Top of DATA IN THIS EXERCISE

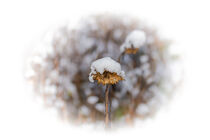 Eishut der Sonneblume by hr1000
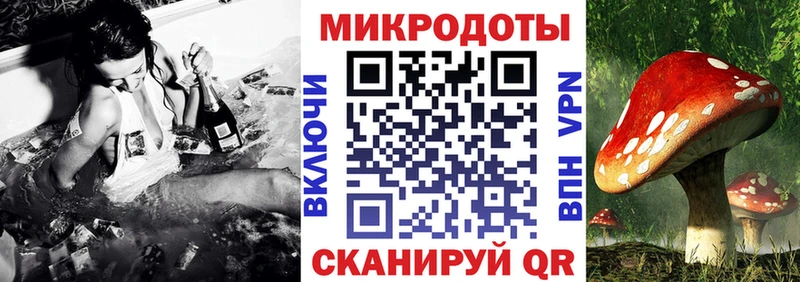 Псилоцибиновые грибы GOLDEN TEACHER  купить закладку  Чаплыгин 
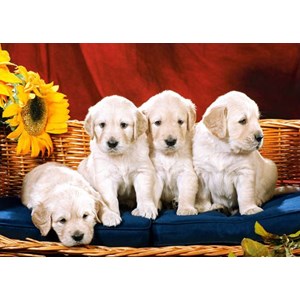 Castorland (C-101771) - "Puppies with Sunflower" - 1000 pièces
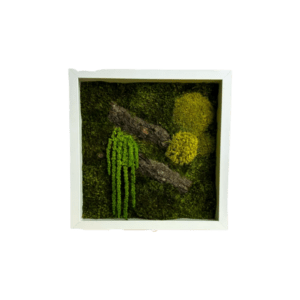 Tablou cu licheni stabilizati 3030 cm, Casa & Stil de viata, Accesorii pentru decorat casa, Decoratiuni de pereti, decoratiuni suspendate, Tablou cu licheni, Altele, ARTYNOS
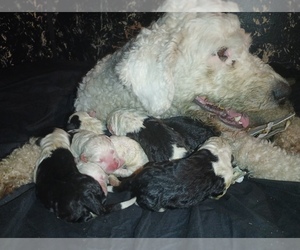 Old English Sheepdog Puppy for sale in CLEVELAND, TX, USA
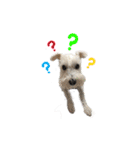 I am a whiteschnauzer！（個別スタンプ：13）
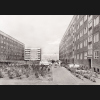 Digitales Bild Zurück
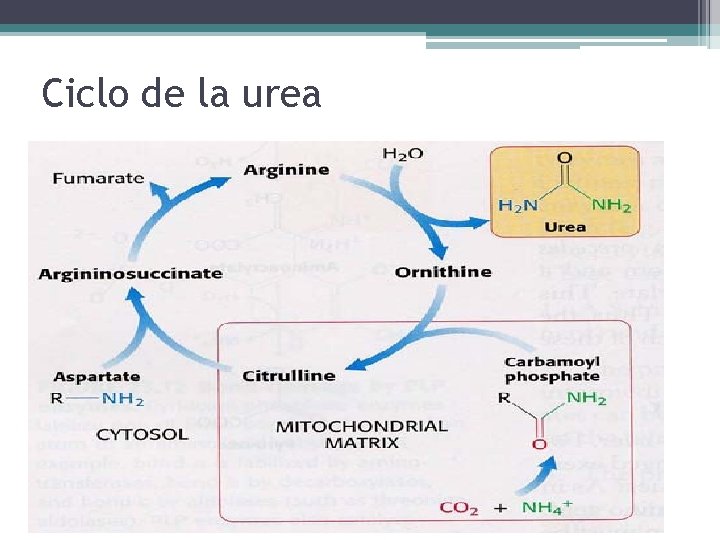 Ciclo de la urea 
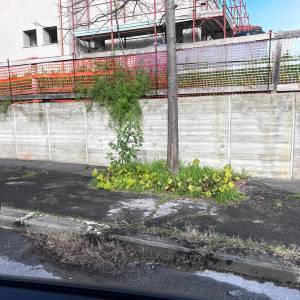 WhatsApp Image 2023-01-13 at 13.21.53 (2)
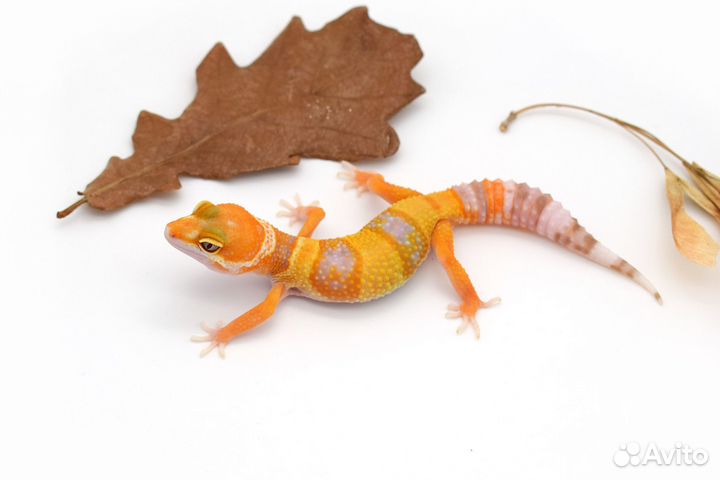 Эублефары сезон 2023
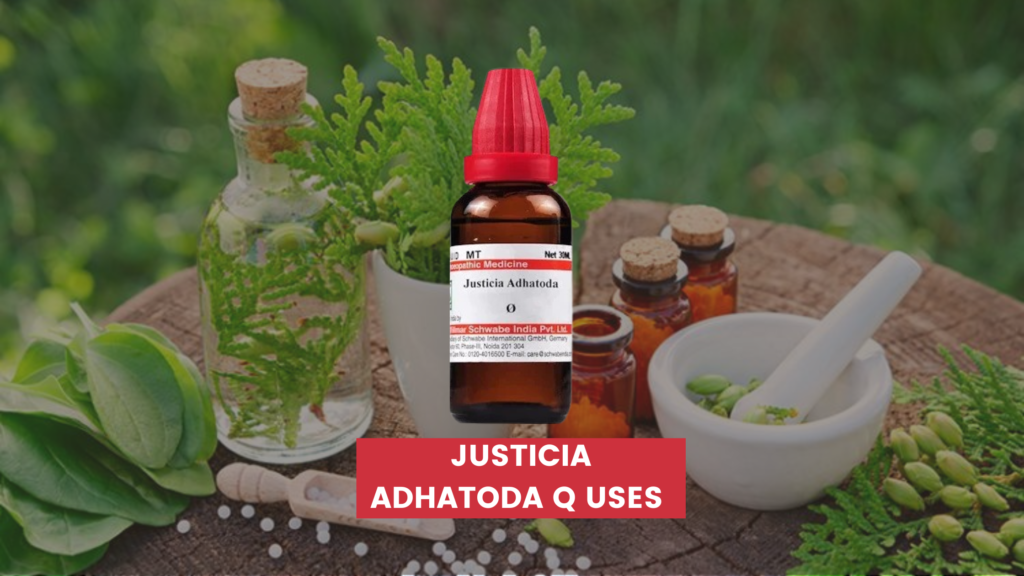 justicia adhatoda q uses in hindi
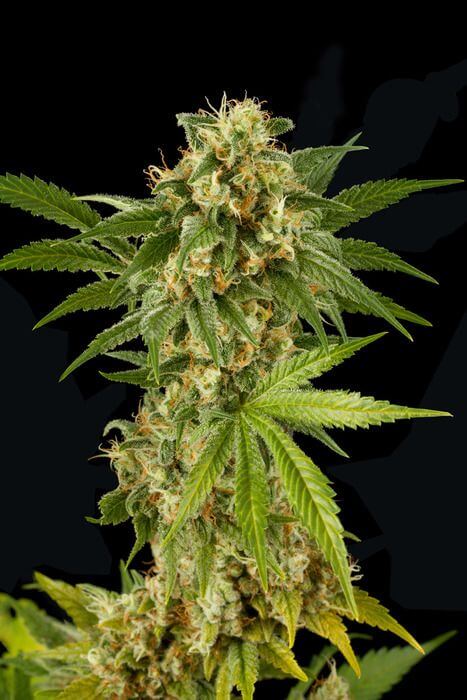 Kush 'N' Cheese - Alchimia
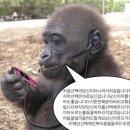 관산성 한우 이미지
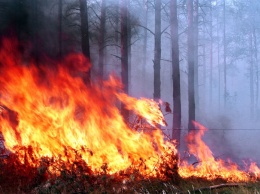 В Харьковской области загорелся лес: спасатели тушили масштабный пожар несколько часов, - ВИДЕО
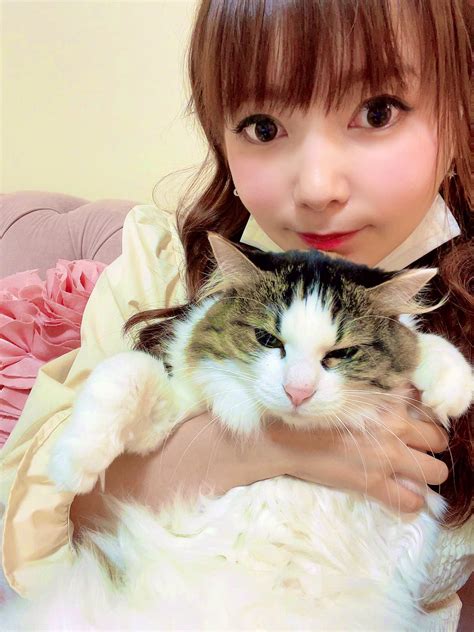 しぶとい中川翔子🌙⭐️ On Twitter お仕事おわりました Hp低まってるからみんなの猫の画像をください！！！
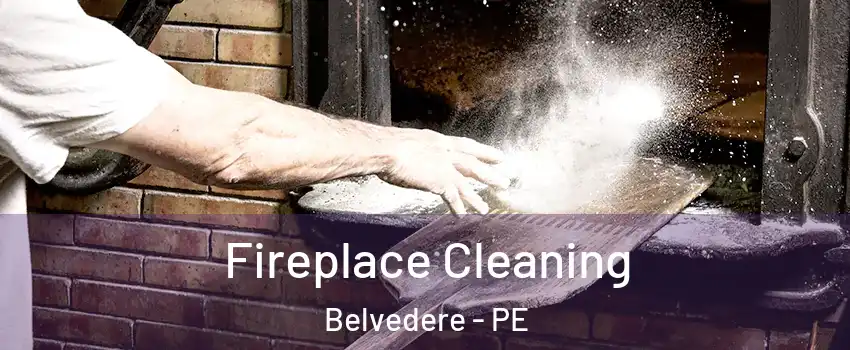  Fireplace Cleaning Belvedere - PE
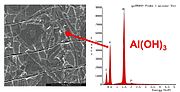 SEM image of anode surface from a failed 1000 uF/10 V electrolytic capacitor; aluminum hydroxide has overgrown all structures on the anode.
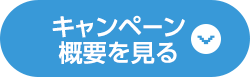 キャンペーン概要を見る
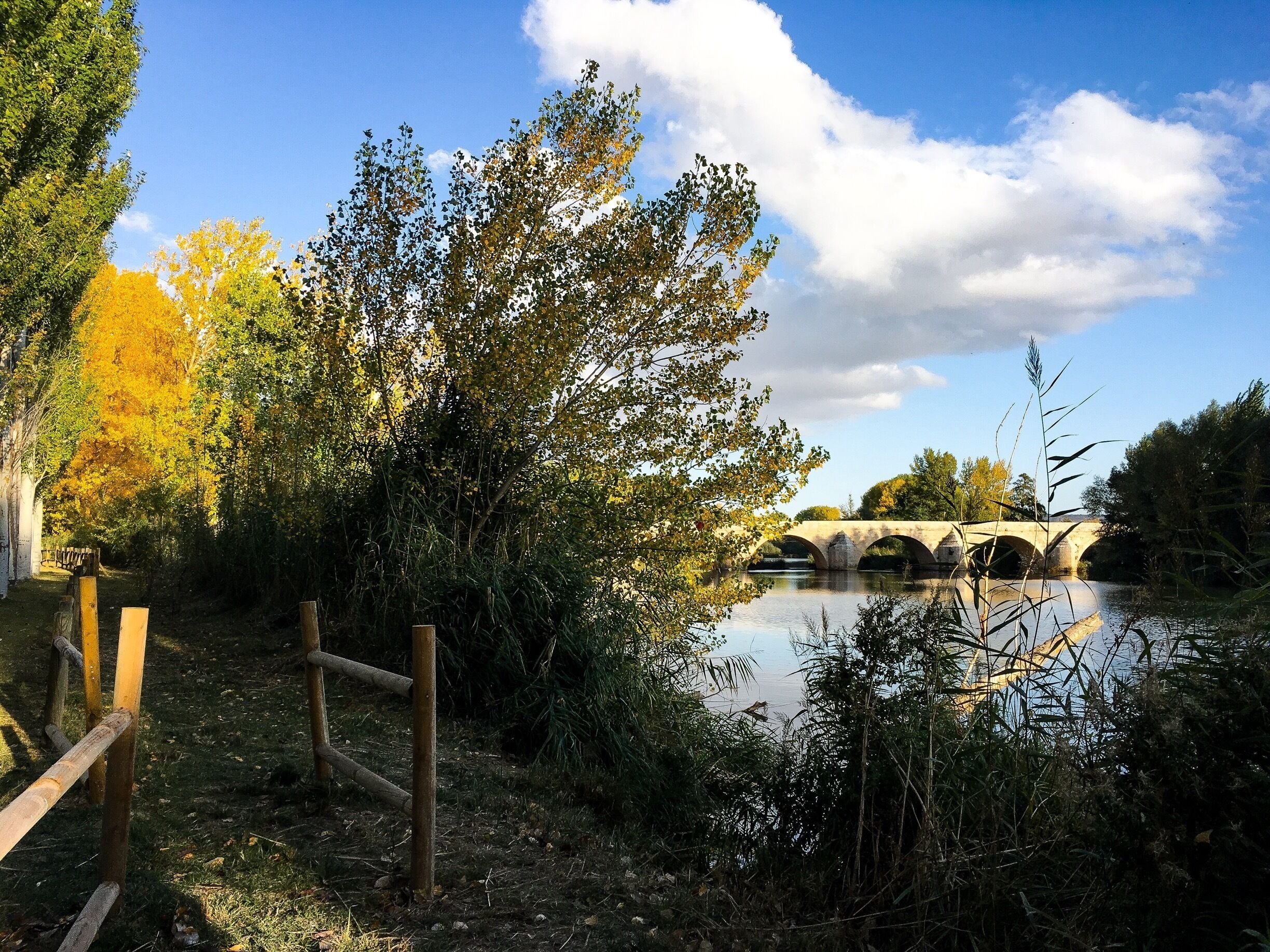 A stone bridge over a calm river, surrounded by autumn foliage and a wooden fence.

Bottom of DATA IN THIS EXERCISE

> WHAT THIS TASK INVOLVES: Extract exactly the lines above from the line containing "Digitales Bild Zurück" through the last one, both ends included, but not the pictures.

> WORKED SOLUTION:
 Digitales Bild Zurück
 Ciclo de la urea 
 WhatsApp Image 2023-01-13 at 13.21.53 (2)
 Эублефары сезон 2023
 justicia adhatoda q uses in hindi
 Kush 'N' Cheese - Alchimia
 관산성 한우 이미지
 В Харьковской области загорелся лес: спасатели тушили масштабный пожар несколько часов, - ВИДЕО
 しぶとい中川翔子🌙⭐️ On Twitter お仕事おわりました Hp低まってるからみんなの猫の画像をください！！！
  Fireplace Cleaning Belvedere - PE
 SEM image of anode surface from a failed 1000 uF/10 V electrolytic capacitor; aluminum hydroxide has overgrown all structures on the anode.
 キャンペーン概要を見る
 A stone bridge over a calm river, surrounded by autumn foliage and a wooden fence.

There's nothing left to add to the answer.